**About this task:** Only the lines from the line containing "CiNily Long Line" to the end of the material belong in the copy; set them down exactly, without pictures.

**Available data:**

==*==

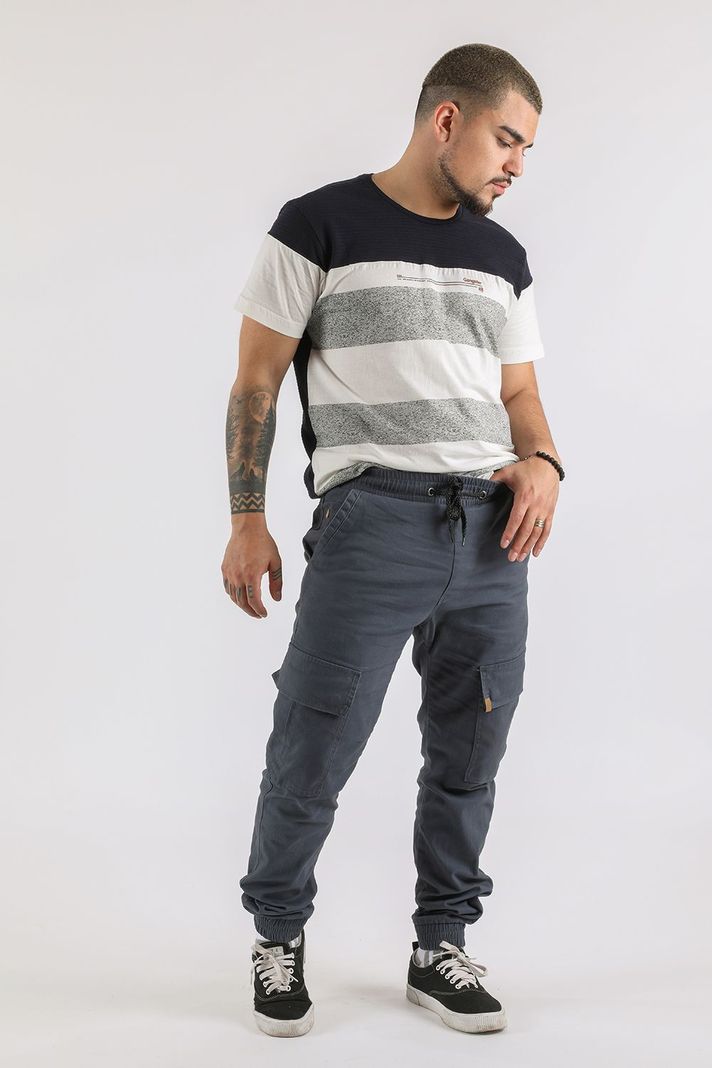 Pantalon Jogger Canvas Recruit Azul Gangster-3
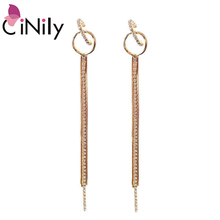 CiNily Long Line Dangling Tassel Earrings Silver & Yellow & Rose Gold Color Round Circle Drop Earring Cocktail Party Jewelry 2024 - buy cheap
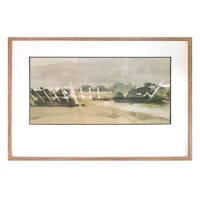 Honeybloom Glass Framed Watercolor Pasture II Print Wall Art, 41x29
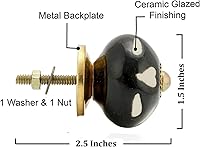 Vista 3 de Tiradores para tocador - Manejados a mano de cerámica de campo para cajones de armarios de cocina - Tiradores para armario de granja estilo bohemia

==*==

**Task solution:**
 CiNily Long Line Dangling Tassel Earrings Silver & Yellow & Rose Gold Color Round Circle Drop Earring Cocktail Party Jewelry 2024 - buy cheap
 Honeybloom Glass Framed Watercolor Pasture II Print Wall Art, 41x29
 Vista 3 de Tiradores para tocador - Manejados a mano de cerámica de campo para cajones de armarios de cocina - Tiradores para armario de granja estilo bohemia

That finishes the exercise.